At any rate, Keppel’s EGM for its shareholders to vote on its cash+REIT offer for SPH is on Dec 9 and the likelihood for all resolutions passing are very high as Keppel’s payment per SPH share is largely in REITs, with 36.9% in cash, based on the valuations of Keppel’s improved offer on Nov 9.
On Nov 16, the day after Cuscaden Peak - a joint venture comprising Hotel Properties, Mapletree and CLA Real Estate Holdings - raised its cash offer for SPH to $2.36 per share, Keppel’s offer which had been priced at $2.351 on Nov 10, rose to $2.37. This was one cent higher than Cuscaden’s all cash offer of $2.36 for each SPH share. The reason for Keppel’s seemingly higher valuation per SPH share was - perversely - because investors believed that SPH’s shareholders would vote based on indications from its independent directors, which viewed Cuscaden’s cash offer as superior.
SPH’s shareholders - and there are 60,000 mainly retail shareholders - opting for the Cuscaden’s all share offer would have taken the pressure off Keppel REIT.
Keppel’s improved offer for SPH, announced late on Nov 9, was for $2.351, comprising $0.868, 0.596 Keppel REIT units and 0.782 SPH REIT units for each SPH share. Such a transaction would have pressured Keppel REIT’s unit price, as Keppel REIT would have ended up with 60,000 new unitholders of mainly retail investors, if SPH’s shareholders voted for the deal in a scheme meeting.
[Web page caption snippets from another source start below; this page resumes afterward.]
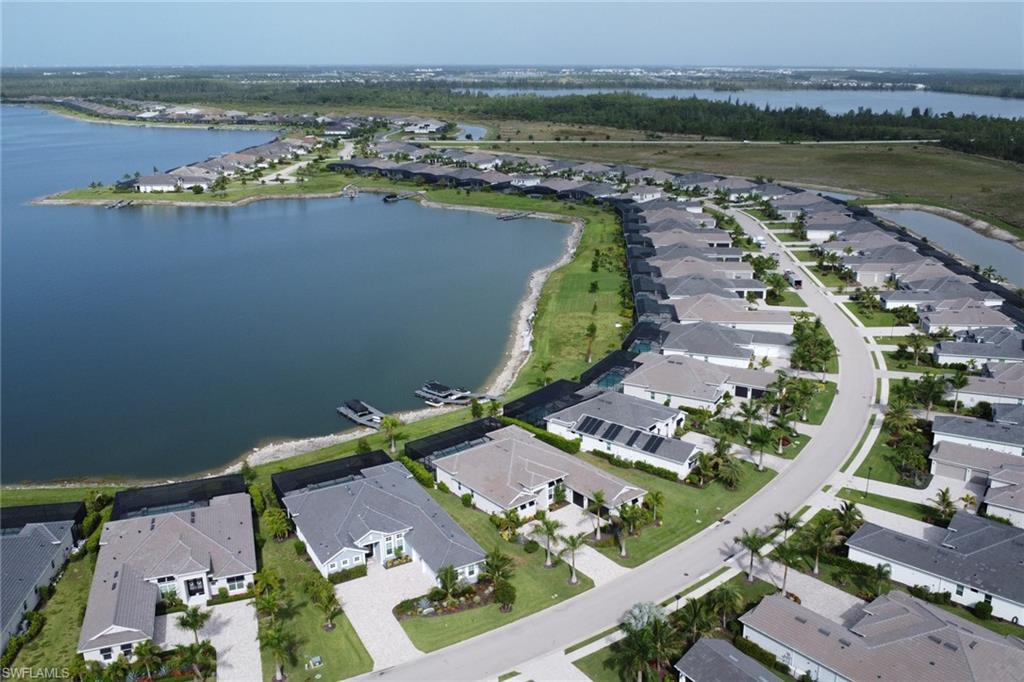 Aerial perspective of a lakeside residential community featuring a curved street, uniform home designs, and verdant landscaping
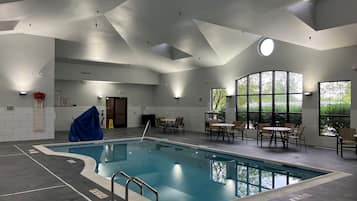 Une piscine dotée d’une terrasse carrelée, entourée de tables et de chaises, et de grandes fenêtres offrant une vue sur la verdure.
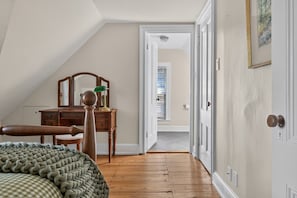 Ein Schlafzimmer mit einem Holzkapfenkasten, einem Stuhl, einem Bett mit grüner Decke und einer Tür zu einem weiteren Raum.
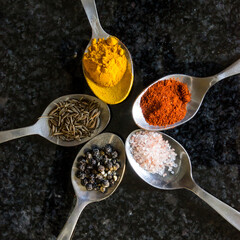 Five stainless steel teaspoons, filled with various types of spices, in a star shape on a dark...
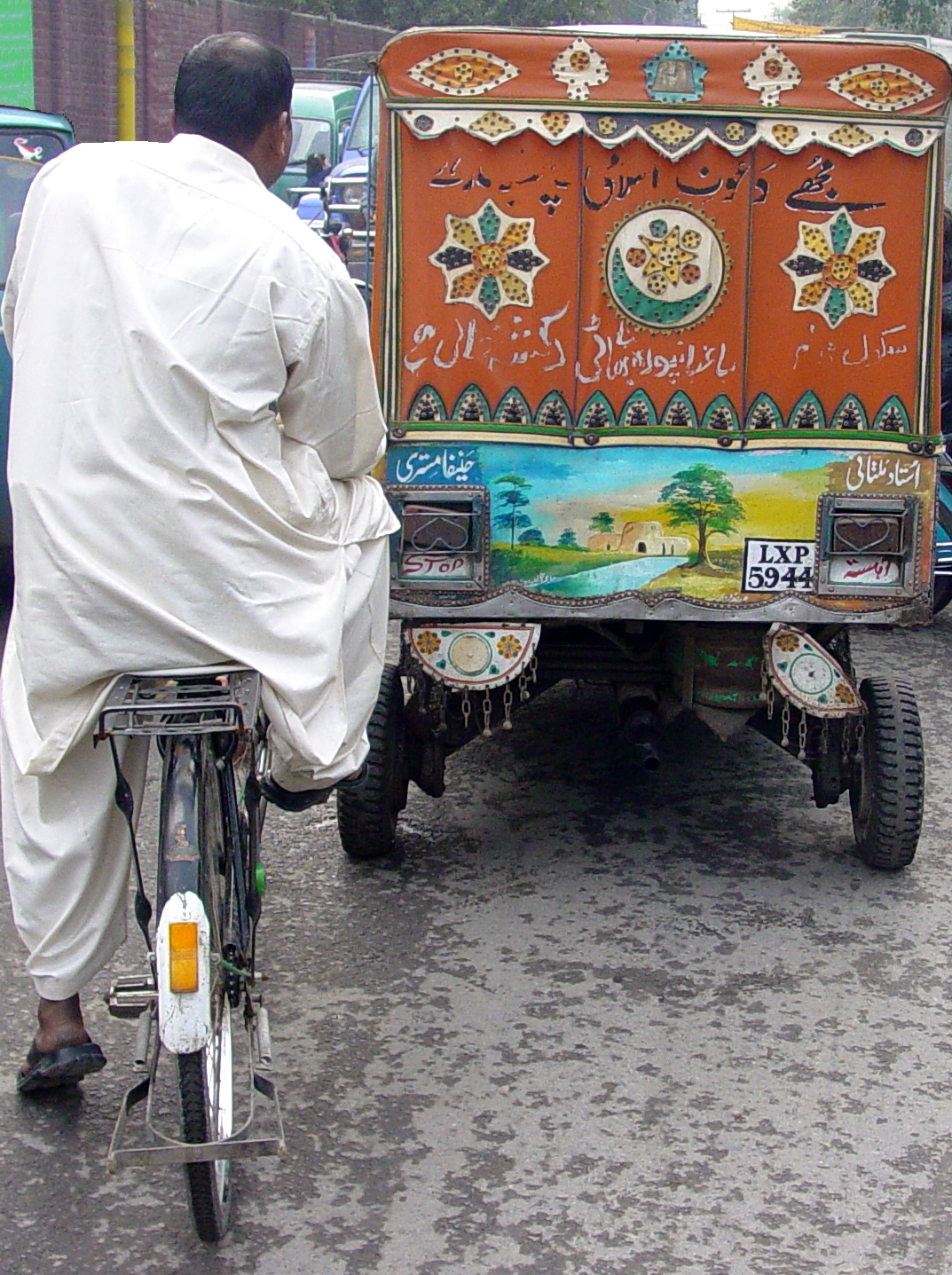 Cyclist and taxi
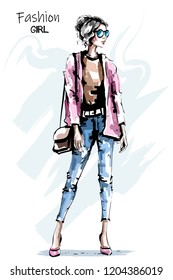 Hand drawn beautiful young woman with bag. Stylish autumn outfit. Fashion woman look. Sketch.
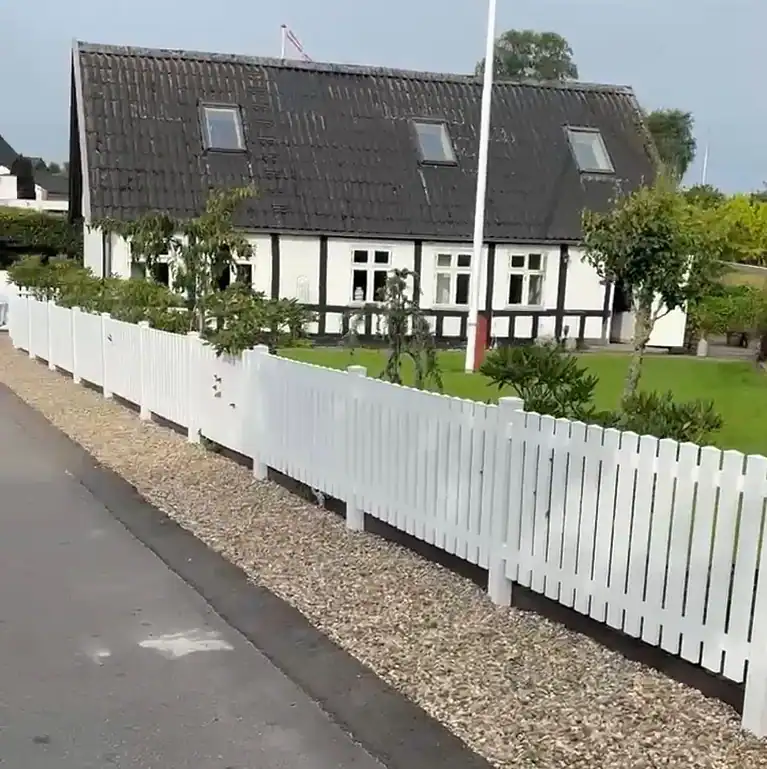 Hvidt stakit langs vejen foran et hvidt bindingsværkshus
As it is, most SPH’s shareholders prefer an all-cash consideration. However, because of certain conditions in the agreement between Keppel and SPH’s board, the Keppel offer has to be voted on first, in a scheme meeting, after which, the Cuscaden scheme can be voted on. For the vote on Cuscaden't scheme to proceed, at least 26% by value of the votes cast at SPH's Keppel scheme meeting need vote against the resolutions.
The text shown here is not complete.